2.6. Op grond van artikel 2, eerste lid, van de Beleidsregels langdurigheidstoeslag Wet werk en bijstand van de gemeente Amsterdam (Beleidsregels langdurigheidstoeslag) voldoet de aanvrager aan de vereisten van artikel 36, lid 1, onder a, van de WWB indien hij gedurende de referteperiode bijstand heeft genoten volgens de voor hem geldende norm of een ander inkomen heeft genoten dat niet in enige periode hoger was dan het toetsbedrag inkomen zoals vermeld in artikel 3 van deze beleidsregels.
2.7. Op grond van artikel 3, aanhef en onder a, van de Beleidsregels langdurigheidstoeslag wordt, voor de jaren waarover het bruto jaarinkomen bekend verondersteld kan worden, een bruto jaarinkomen van niet meer dan voor het huishoudtype toepasselijke bruto IOAW norm beschouwd als een inkomen niet hoger dan de bijstandsnorm.
3. Beoordeling van het geschil
3.1. De rechtbank heeft in haar uitspraak van 24 juni 2009 (AWB 08/5109 WWB en AWB 08/5110 WWB) bepaald dat verweerder bij de vraag of eiser in aanmerking komt voor langdurigheidstoeslag of een knipkaart 2008 zijn netto-inkomen zoals dat in de referteperiode feitelijk door hem is ontvangen als uitgangspunt dient te nemen. Verweerder heeft aan deze uitspraak uitvoering gegeven in het bestreden besluit.
3.2. Eiser heeft in beroep aangevoerd dat verweerder bij de berekening van zijn netto-inkomen ten onrechte geen rekening heeft gehouden met zijn (persoonsgebonden) aftrekposten. De rechtbank is evenwel van oordeel dat, nu verweerder is uitgegaan van het maandelijks netto-inkomen van eiser, er geen ruimte bestaat om rekening te houden met zijn (persoonsgebonden) fiscale aftrekposten.
3.3. Gelet op het voorgaande kan hetgeen eiser heeft aangevoerd niet leiden tot vernietiging van het bestreden besluit.
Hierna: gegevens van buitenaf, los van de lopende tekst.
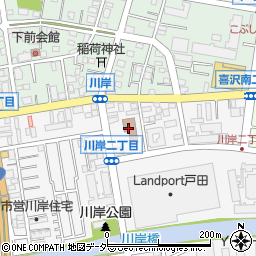 戸田市役所　障害者福祉会館心身障害者福祉センター周辺の地図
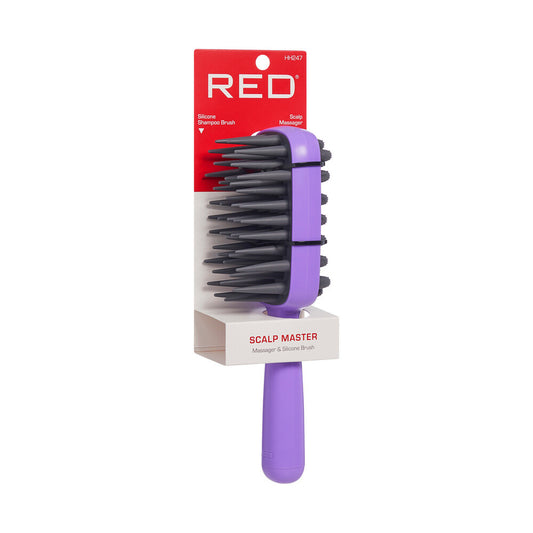 RED Scalp Master 2 Sided Massage and Shampoo Brush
De rechtbank zal het beroep dan ook ongegrond verklaren.
3.4. De rechtbank ziet voorts geen aanleiding voor een proceskostenveroordeling of te bepalen dat het door eiser betaalde griffierecht dient te worden vergoed.
De rechtbank verklaart het beroep ongegrond.
Deze uitspraak is gedaan door mr. B.E. Mildner, als voorzitter,
mrs. J.P. Smit en Th. van der Windt , als leden, in aanwezigheid van
mr. S. van Excel, als griffier.
De beslissing is in het openbaar uitgesproken op 4 mei 2010.
de griffier de voorzitter
Rechtsmiddel
Tegen deze uitspraak kan binnen zes weken na de dag van verzending daarvan hoger beroep worden ingesteld bij de Centrale Raad van Beroep.